Several popular machine learning problems including neural network training lead to non-convex optimization problems. In general, non-convex optimization is NP-hard and in theory, standard optimization approaches can lead to arbitrarily poor solutions. However, in practice, there are several success stories for non-convex optimization with deep learning shining the brightest. Owing to this practical success, there are several recent theoretical advances that try to explain and understand this phenomenon.

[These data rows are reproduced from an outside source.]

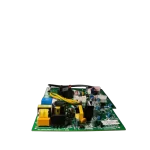 Vista lateral de Main Control Board para aire acondicionado con componentes visibles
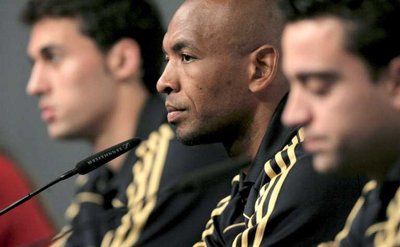 اربيلوا ( اقصى اليسار) في المؤتمر الصحفي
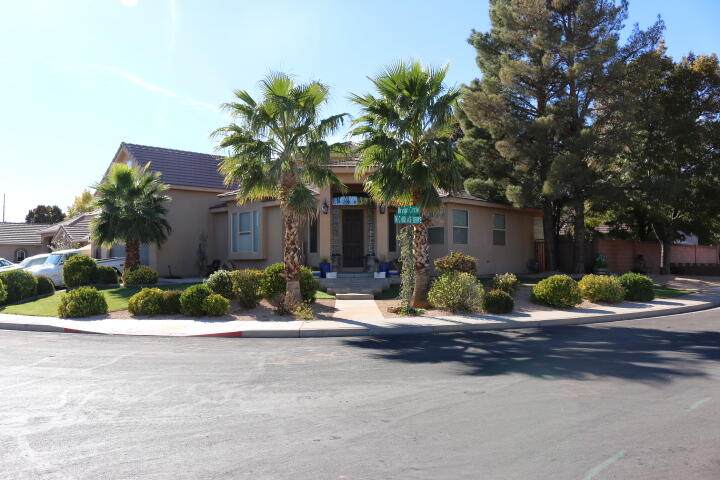 2319 Bryson Circle - Photo 1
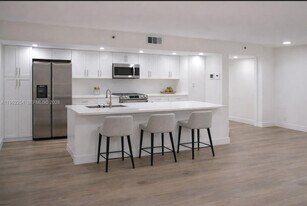 955 Egret Cir in Delray Beach, FL - Building Photo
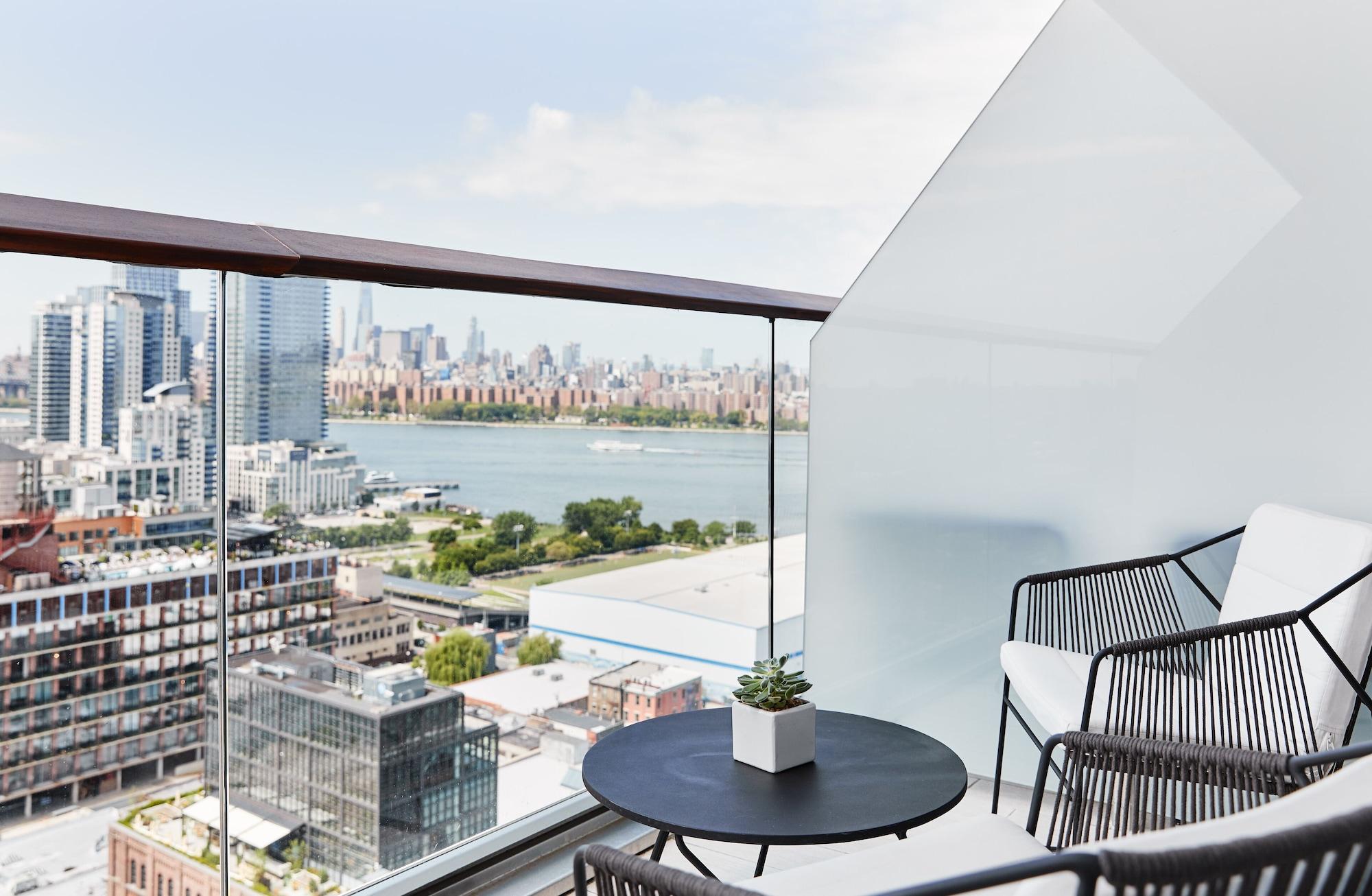 Hotel The William Vale New York Exteriér fotografie View from a balcony
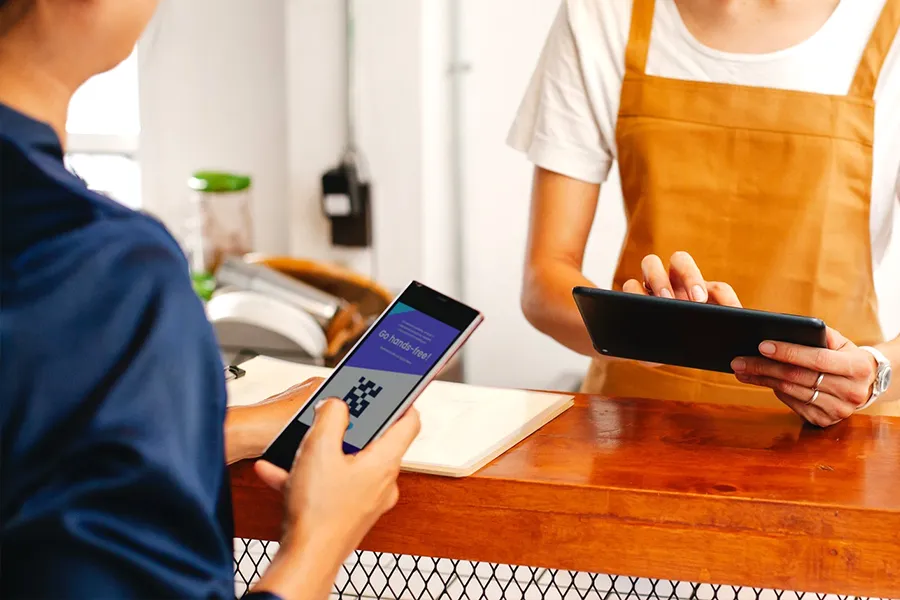 Chính phủ rất khuyến khích người dân giao dịch không dùng tiền mặt và gần 60% dân số đã tiếp xúc với thanh toán kỹ thuật số. Ảnh: PHƯƠNG MINH Chính phủ rất khuyến khích người dân giao dịch không dùng tiền mặt và gần 60% dân số đã tiếp xúc với thanh toán kỹ thuật số. Ảnh: PHƯƠNG MINH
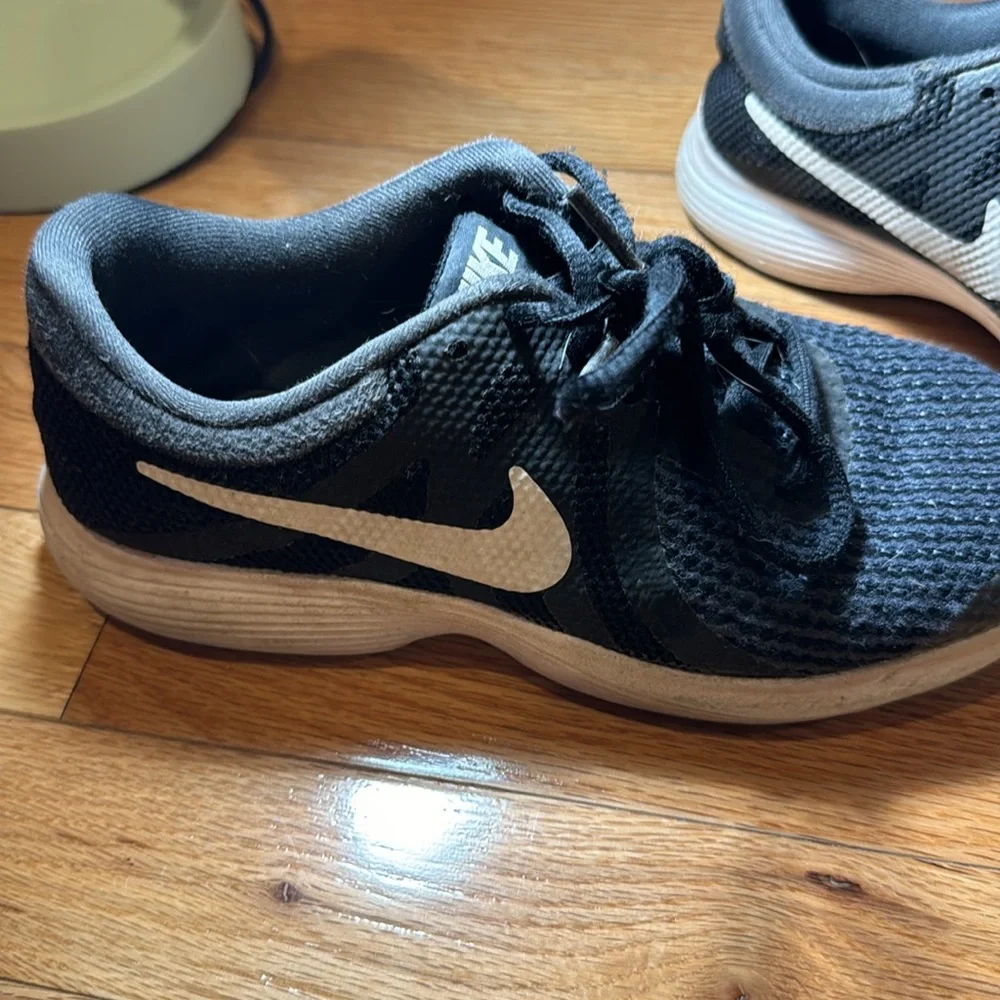 Nike kids sneakers, size 4Y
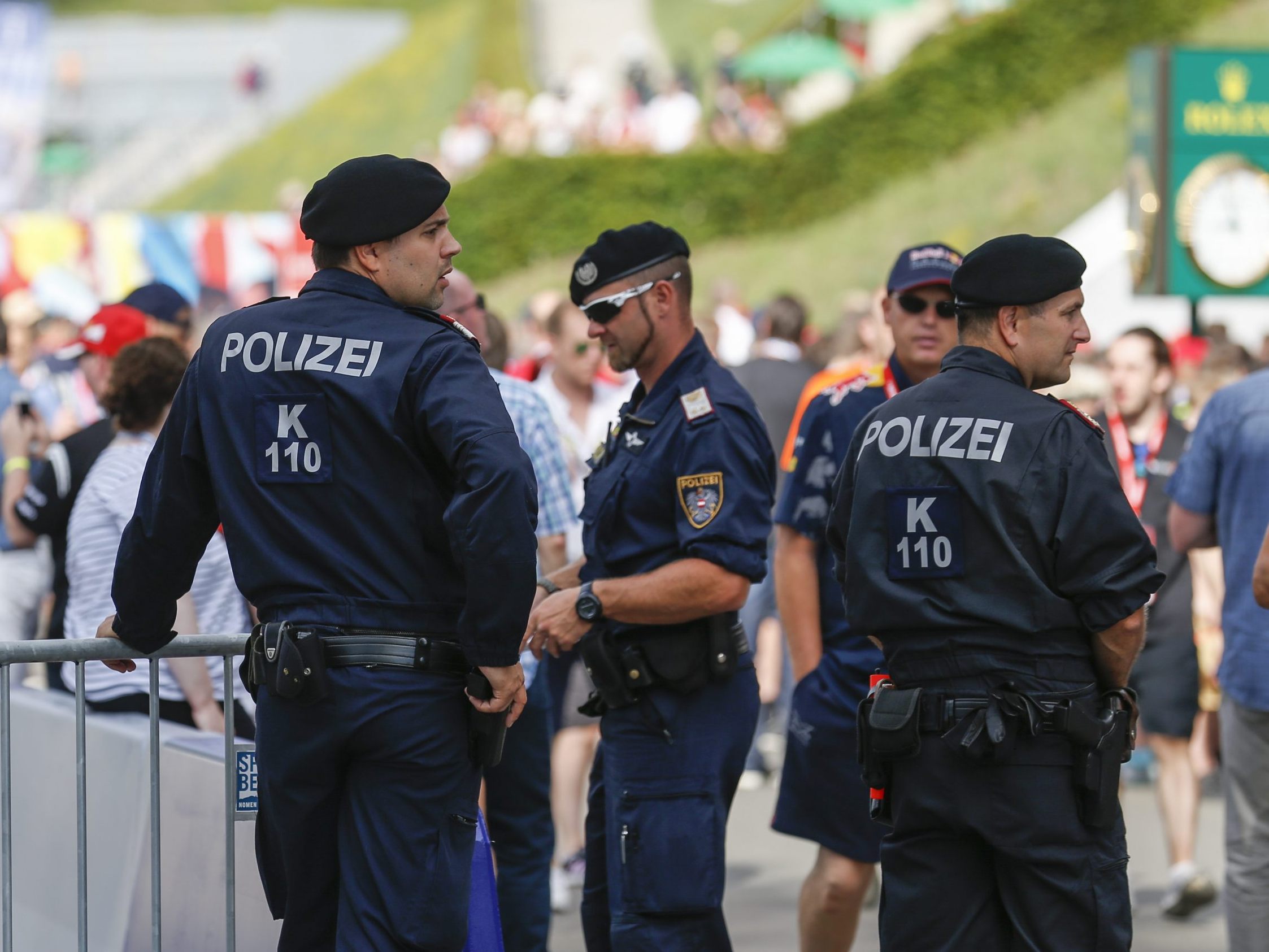 Die steirische Einsatzkräfte bereiten sich auf Klimademos beim Formel 1 GP vor.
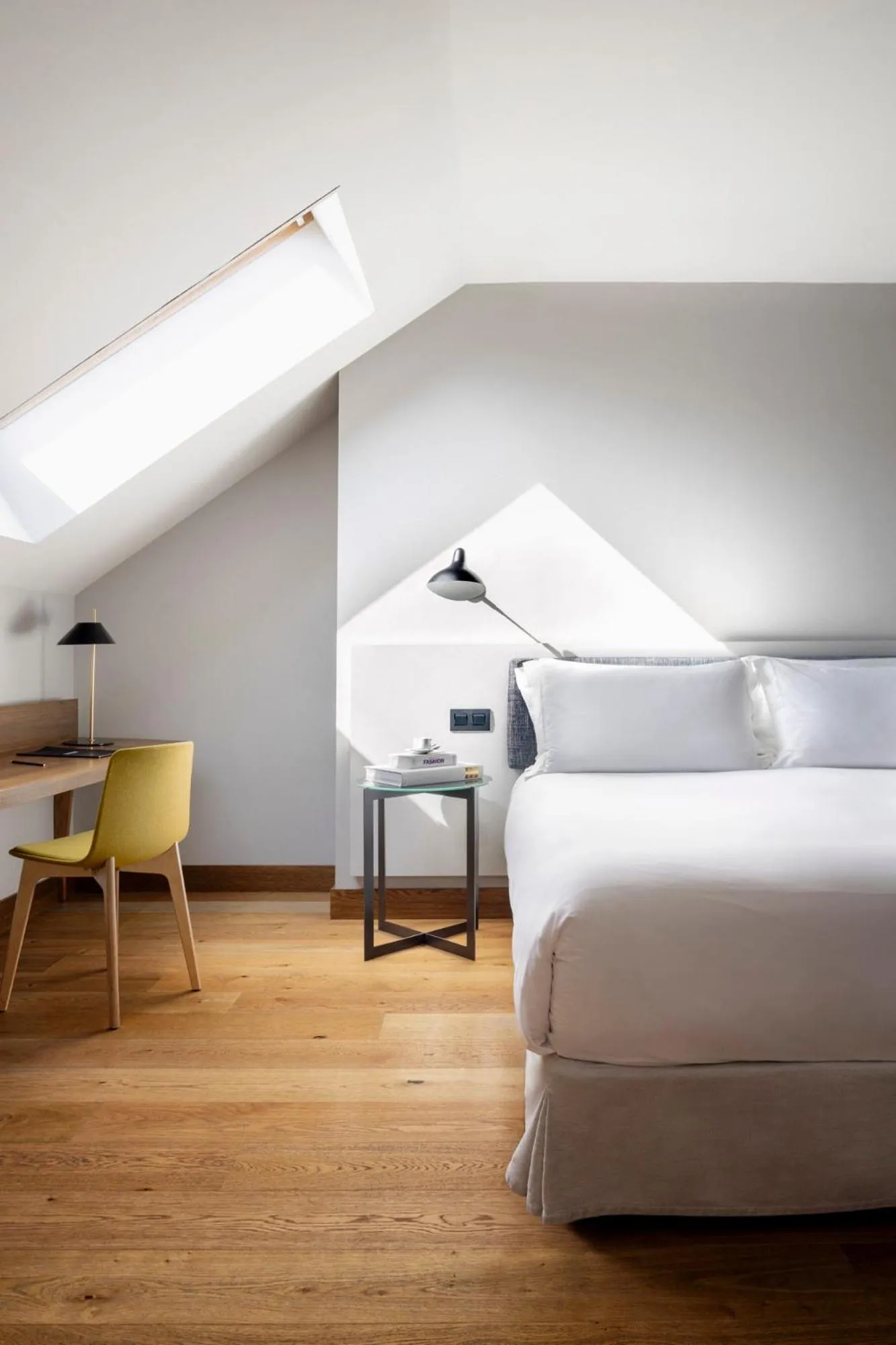 Bedroom, Bed in TÓTEM Madrid, a Small Luxury Hotel of the World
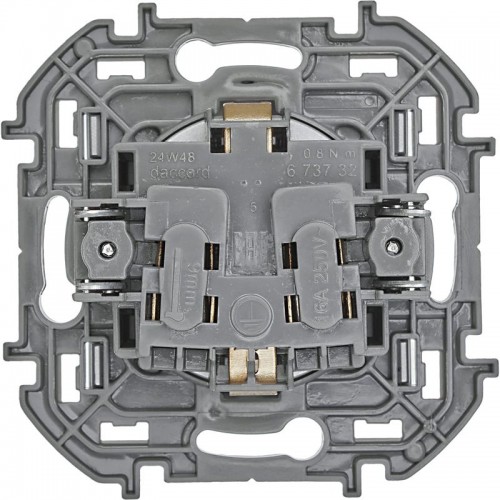 Розетка 1-м СП Inspiria 16А IP20 250В 2P+E защ. шторки немецк. стандарт механизм алюм. IEK 673732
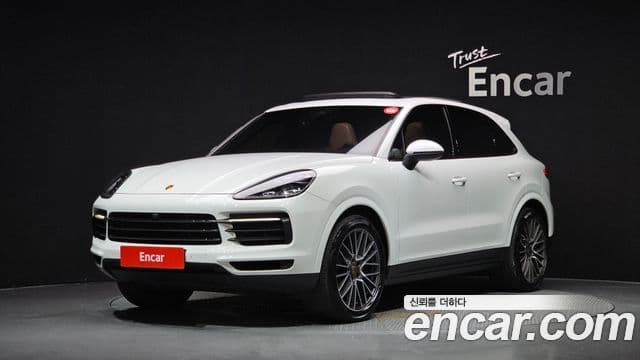 Porsche Cayenne 2019 — Photo 23/34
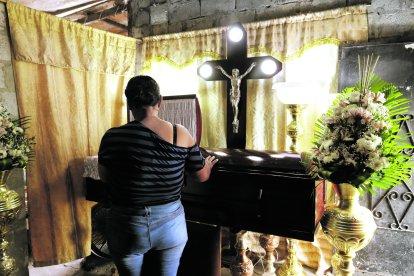 El velorio se realizó en la casa de la familia Sevillano, en Mapasingue Este.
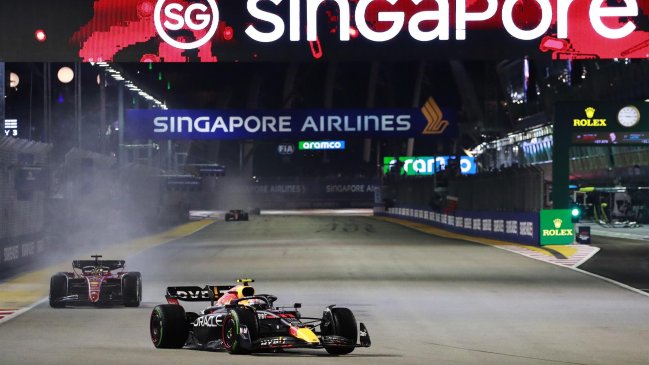 "Checo" Pérez tras ganar en Singapur: Sin duda ésta fue la mejor carrera de mi vida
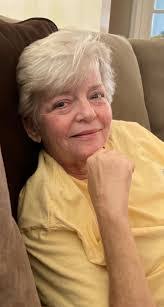 Darlene Chapin's Instagram, Twitter & Facebook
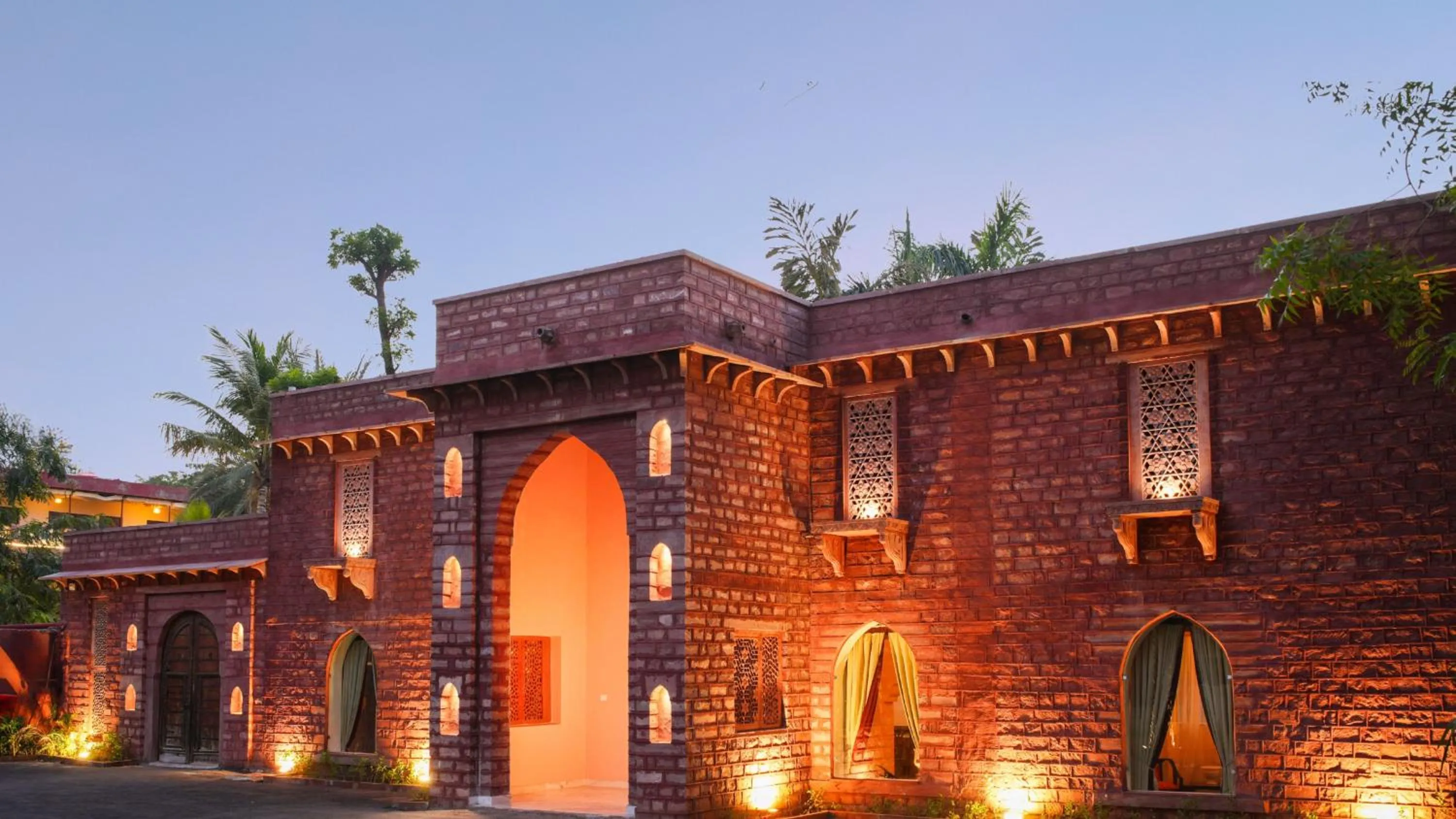 Facade/entrance in Ranbanka Palace
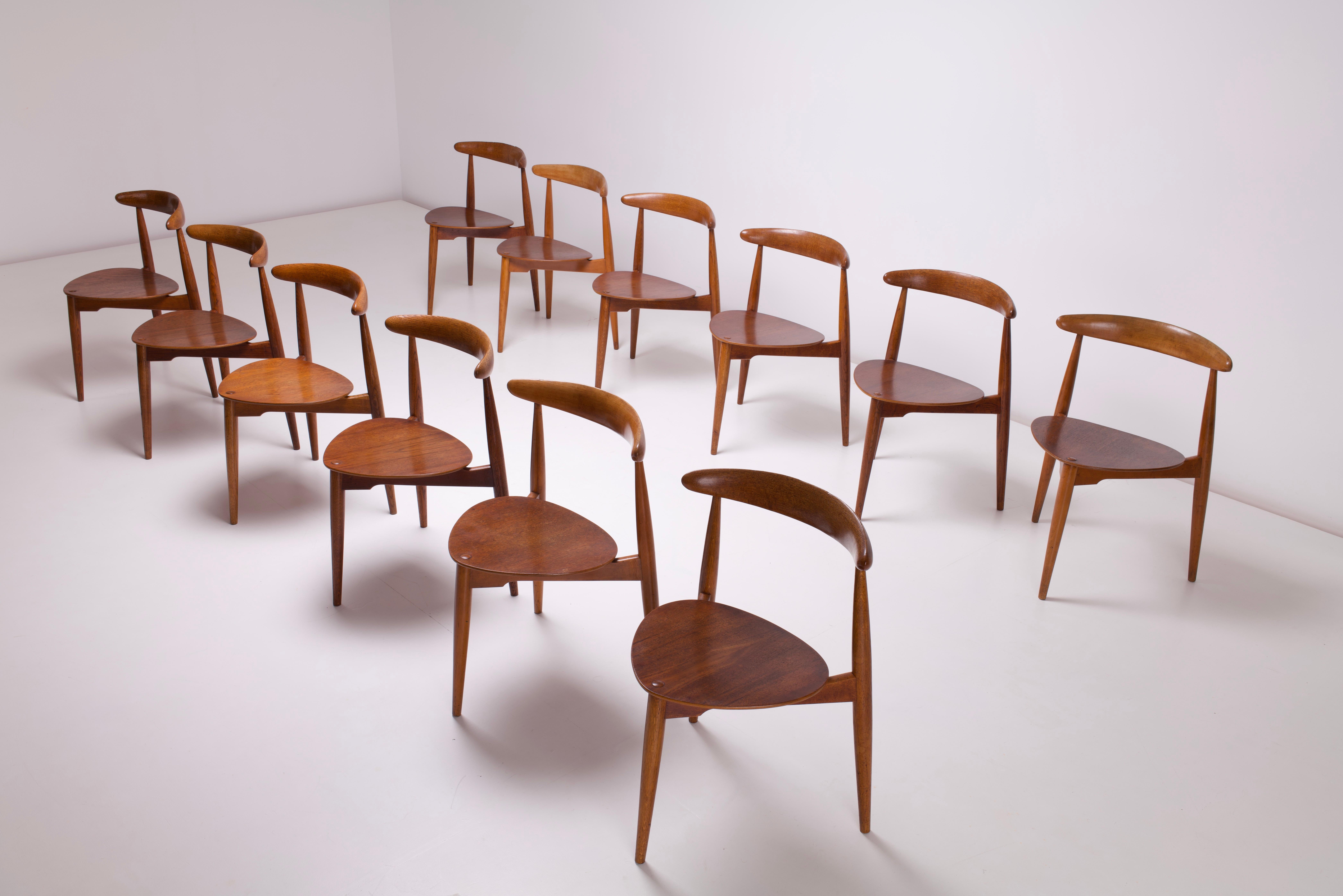 Mid-Century moderno Sedie da pranzo impilabili Hans J. Wegner Modello FH4103 / Cuore per Fritz Hansen c1952 in vendita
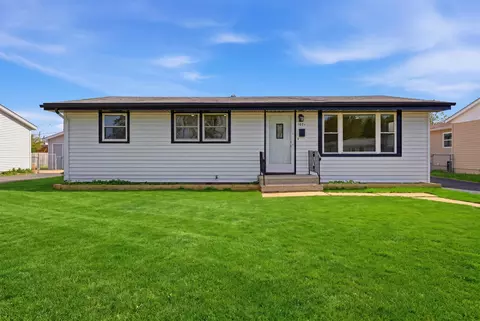 1021 Anna Ave, Machesney Park, IL 61115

In this tutorial, we will discuss some of these recent advances. In particular, we will divide the tutorial in two parts: a) in first part, we will discuss results that show how non-convex optimization problems can be solved "optimally" when the data is "nice" and is sampled from a parametric model, b) in second part, we will discuss results that consider general non-convex optimization problem and show how we can avoid poor saddle points of the problem. As the field is still in a nascent stage, the tutorial will be peppered with several fundamental open questions.

Prateek Jain

Prateek Jain is a member of the Machine Learning and Optimization and the Algorithms and Data Sciences Group at Microsoft Research, Bangalore, India. He has been there since January 2010. Prateek's research interests are in machine learning, large-scale (non-convex optimization), and statistical learning theory. He also interested in applications of machine learning to privacy, computer vision, text mining and natural language processing. He completed his PhD in December 2009 at the University of Texas at Austin under Prof. Inderjit S. Dhillon, and BTech in Computer Science from IIT Kanpur in 2004.